BGer I 742/1999
 
BGer I 742/1999 vom 02.11.2000
[AZA 7]
I 742/99 Vr
III. Kammer
Bundesrichter Schön, Spira und Bundesrichterin Widmer;
Gerichtsschreiberin Riedi Hunold
Urteil vom 2. November 2000
in Sachen
C.________, 1945, Beschwerdeführerin, vertreten durch lic.
iur. Thomas Pap, Talstrasse 40, Arlesheim,
gegen
IV-Stelle Basel-Landschaft, Hauptstrasse 109, Binningen,
Beschwerdegegnerin,
und
Versicherungsgericht des Kantons Basel-Landschaft, Liestal
A.- Die 1945 geborene C.________, welche über die Aufenthaltsbewilligung C verfügt, arbeitete seit 3. Januar 1972 bei der Y.________ AG. Ab 24. Mai 1994 blieb sie der Arbeit aus gesundheitlichen Gründen zu 50 % und ab 15. August 1994 zu 100 % fern. Nach stationärer Behandlung im August und September 1994 musste sie sich am 19. Januar 1995 einer Diskushernienoperation unterziehen. Mit Schreiben vom 14. Februar 1995 wurde ihr die Stelle vom Arbeitgeber auf Ende Mai 1995 gekündigt. Am 22. Mai 1995 meldete sich C.________ bei der Invalidenversicherung zum Leistungsbezug an. Die IV-Stelle Basel-Landschaft holte nebst einem Bericht des Arbeitgebers ein Gutachten vom 31. Oktober 1995 ein, in welchem Dr. med.
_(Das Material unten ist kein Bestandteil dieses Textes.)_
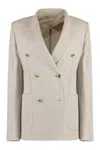 Max Mara Women Linen Blend Single-breasted Jacket In Beige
H.________, Spezialarzt für orthopädische Chirurgie, ein lumboischialgisches Schmerzsyndrom bei degenerativen Veränderungen lumbosakral sowie bei Status nach Diskushernienoperation feststellte und eine Tätigkeit ohne Heben und Tragen von Lasten über 10 kg und in wechselnder Position bei Vermeidung irgendwelcher Arbeiten in Zwangshaltung halbtags für zumutbar hielt. Daraufhin ermittelte die IV-Stelle einen Invaliditätsgrad von 54 %. Demgemäss sprach sie C.________ mit Verfügung vom 12. November 1996 eine halbe Invalidenrente ab 1. Mai 1995 zu.
B.- In ihrer hiegegen erhobenen Beschwerde liess C.________ unter Hinweis auf ein Gutachten des Dr. med. S.________, Spezialarzt für Innere Medizin und Rheumaerkrankungen, vom 26. November 1996, wonach ein lumbo-radikuläres Restsyndrom S1 links bei Status nach Diskushernienoperation, ein reaktives weichteilrheumatisches Syndrom sowie eine Instabilität lumbosakral diagnostiziert und eine Arbeitsunfähigkeit von 100 % attestiert wurden, die Ausrichtung einer ganzen Invalidenrente beantragen. Ein von der IV-Stelle veranlasstes Gutachten der Dres. med. W.________, Assistenzarzt, und A.________, Oberarzt, Rheumatologische Klinik, Spital X.________, vom 7. Januar 1998 kam zum Schluss, dass C.________ an einem chronischen lumbospondylogenen Schmerzsyndrom links bei Fehlhaltung der Wirbelsäule, beginnenden degenerativen Veränderungen, muskulärer Dekonditionierung und Status nach Diskushernienoperation leide; eine leichte Arbeit mit Möglichkeit zur Wechselbelastung, ohne Heben und Tragen von Lasten über 10 kg und ohne repetitives Überkopfarbeiten sei ihr halbtags zumutbar. C.________ gab einen weiteren Bericht des Dr. med. S.________ vom 30. April 1998 zu den Akten, in welchem er im Wesentlichen seine Schlussfolgerungen im Gutachten vom 26. November 1996 wiederholte.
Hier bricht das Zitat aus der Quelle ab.